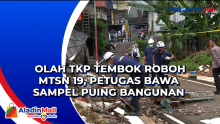 Olah TKP Tembok Roboh MTsN 19, Petugas Bawa Sampel Puing Bangunan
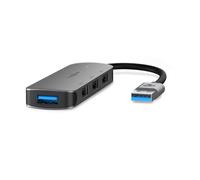 Nedis Hub USB-A mâle – 4 ports USB-A femelles – USB 3.2 Gen 1 / USB 2.0 – Alimentation via USB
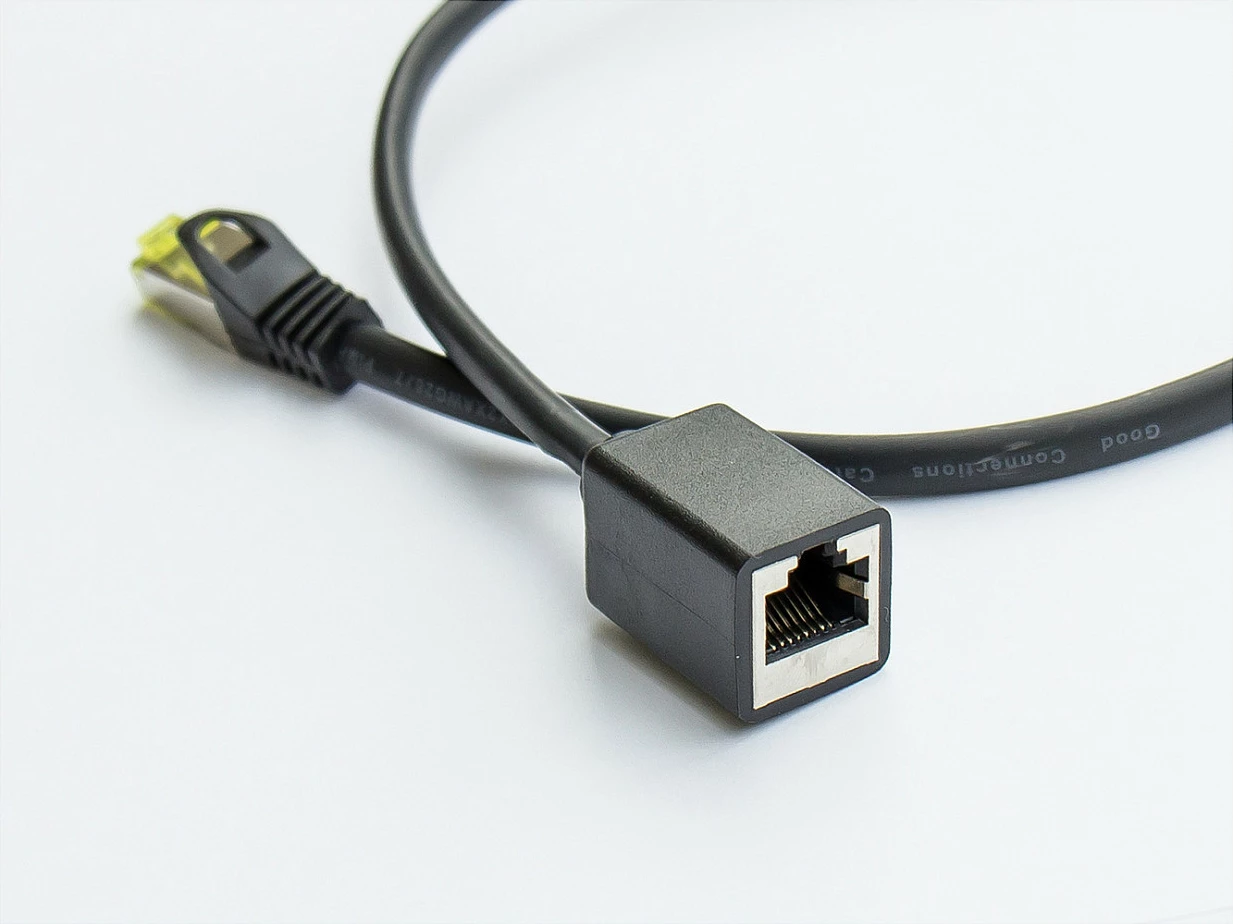 Kabëll rrjeti GoodConnections Alcasa 8070VR-050S, Cat7, 5m, RJ45 mashkull-në-femër, i zi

PROBLEM TO WORK ON:
Begin with the line that contains "Nedis Hub USB-A" and copy every line through the end of the listing, exactly as written, both ends included. Pictures are not part of the copy.

ANSWER TO THIS EXERCISE:
 Nedis Hub USB-A mâle – 4 ports USB-A femelles – USB 3.2 Gen 1 / USB 2.0 – Alimentation via USB
 Kabëll rrjeti GoodConnections Alcasa 8070VR-050S, Cat7, 5m, RJ45 mashkull-në-femër, i zi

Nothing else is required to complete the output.